During sabbaticals, I returned to my first love – reporting – and won two national awards for excellence in environmental and investigative reporting (2000 and 2003), as well as one for best editorial writing (2000) by the Ontario Community Newspapers Association. With a group of citizens including Farley Mowat, I founded and edited a volunteer community newspaper, The Crier, in my hometown of Port Hope in 1999.
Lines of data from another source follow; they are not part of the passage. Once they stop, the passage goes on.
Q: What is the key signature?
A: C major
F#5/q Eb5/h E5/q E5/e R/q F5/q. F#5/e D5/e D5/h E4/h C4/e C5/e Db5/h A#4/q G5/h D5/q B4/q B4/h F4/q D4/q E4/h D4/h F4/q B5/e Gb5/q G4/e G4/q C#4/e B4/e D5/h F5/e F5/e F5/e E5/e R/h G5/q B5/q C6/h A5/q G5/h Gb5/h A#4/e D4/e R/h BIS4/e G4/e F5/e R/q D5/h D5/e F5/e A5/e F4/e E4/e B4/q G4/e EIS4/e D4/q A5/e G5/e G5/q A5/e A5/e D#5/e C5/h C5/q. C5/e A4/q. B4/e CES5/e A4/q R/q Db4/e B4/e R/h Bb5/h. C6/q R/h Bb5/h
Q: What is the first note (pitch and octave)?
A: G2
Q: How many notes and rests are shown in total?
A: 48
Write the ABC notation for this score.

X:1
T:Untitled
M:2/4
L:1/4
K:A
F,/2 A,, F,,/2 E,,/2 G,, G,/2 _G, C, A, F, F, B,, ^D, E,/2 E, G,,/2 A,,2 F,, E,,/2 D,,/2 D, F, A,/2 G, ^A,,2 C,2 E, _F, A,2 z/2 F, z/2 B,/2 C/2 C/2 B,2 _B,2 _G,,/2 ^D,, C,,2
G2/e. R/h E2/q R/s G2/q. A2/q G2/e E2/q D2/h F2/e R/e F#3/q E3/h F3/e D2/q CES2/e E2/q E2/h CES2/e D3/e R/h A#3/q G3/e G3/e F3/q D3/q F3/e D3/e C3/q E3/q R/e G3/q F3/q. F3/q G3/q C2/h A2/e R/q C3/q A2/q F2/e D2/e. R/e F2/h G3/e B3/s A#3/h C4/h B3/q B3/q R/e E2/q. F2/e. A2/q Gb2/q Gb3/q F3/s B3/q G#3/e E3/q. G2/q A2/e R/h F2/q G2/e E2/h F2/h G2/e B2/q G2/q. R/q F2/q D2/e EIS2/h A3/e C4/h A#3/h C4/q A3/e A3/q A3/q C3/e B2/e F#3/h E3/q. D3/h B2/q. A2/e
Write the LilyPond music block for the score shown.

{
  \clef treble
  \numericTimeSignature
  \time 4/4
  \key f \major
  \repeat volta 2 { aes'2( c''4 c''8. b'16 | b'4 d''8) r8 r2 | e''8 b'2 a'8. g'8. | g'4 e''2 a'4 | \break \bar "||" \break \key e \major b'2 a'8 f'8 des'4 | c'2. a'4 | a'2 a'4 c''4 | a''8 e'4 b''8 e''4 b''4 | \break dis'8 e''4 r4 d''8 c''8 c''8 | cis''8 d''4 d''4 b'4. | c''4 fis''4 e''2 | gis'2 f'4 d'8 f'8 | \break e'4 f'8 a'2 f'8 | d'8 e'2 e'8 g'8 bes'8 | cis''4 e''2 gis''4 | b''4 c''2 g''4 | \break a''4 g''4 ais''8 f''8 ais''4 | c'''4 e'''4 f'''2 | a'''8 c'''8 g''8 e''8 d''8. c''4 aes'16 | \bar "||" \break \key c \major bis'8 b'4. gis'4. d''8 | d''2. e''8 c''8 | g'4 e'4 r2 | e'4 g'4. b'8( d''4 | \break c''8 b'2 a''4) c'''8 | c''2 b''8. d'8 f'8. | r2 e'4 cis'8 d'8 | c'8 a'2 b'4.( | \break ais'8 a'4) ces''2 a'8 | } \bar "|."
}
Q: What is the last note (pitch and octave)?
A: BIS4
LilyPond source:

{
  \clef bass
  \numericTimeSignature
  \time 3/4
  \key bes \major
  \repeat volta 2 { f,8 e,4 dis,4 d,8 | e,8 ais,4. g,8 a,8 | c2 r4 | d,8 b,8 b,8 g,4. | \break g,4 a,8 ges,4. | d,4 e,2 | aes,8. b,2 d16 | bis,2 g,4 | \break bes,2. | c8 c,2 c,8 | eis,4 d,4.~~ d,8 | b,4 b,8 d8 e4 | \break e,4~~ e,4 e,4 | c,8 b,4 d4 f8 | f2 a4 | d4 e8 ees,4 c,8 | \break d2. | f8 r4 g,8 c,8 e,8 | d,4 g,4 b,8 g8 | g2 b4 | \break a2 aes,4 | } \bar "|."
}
Recognized as one of Canada’s leading researchers on diversity in news organizations, I presented numerous refereed conference papers on diversity in journalism (including the Fifth International Conference for Diversity in Organizations, Beijing, China, July 2005). In June of 2004 I was invited to Ottawa by the federal Minister of State (Multiculturalism) as one of four speakers commemorating the 15th anniversary of Canada’s Multiculturalism Act. I won for Ryerson the Award of Excellence of the Canadian Race Relations Foundation in 2003 for founding and teaching a pioneering journalism course, “Covering Diversity.”


Since retirement in 2009, I havbe blogged on media matters and acted as an expert witness in defamation cases. My Journalism Doctor blog is included on a list of the 50 top journalism sites in the world. As an expert in journalism standards, I have acted at the request of both plaintiffs and media clients and my testimony has been accepted at trial in three provinces.

I am the author of a highly regarded book on the challenges that journalists face in establishing meaningful connections with their readers, Yesterday’s News: Why Canada’s Daily Newspapers are Failing Us. It was chosen by The Globe and Mas one of its 100 notable books of 1998.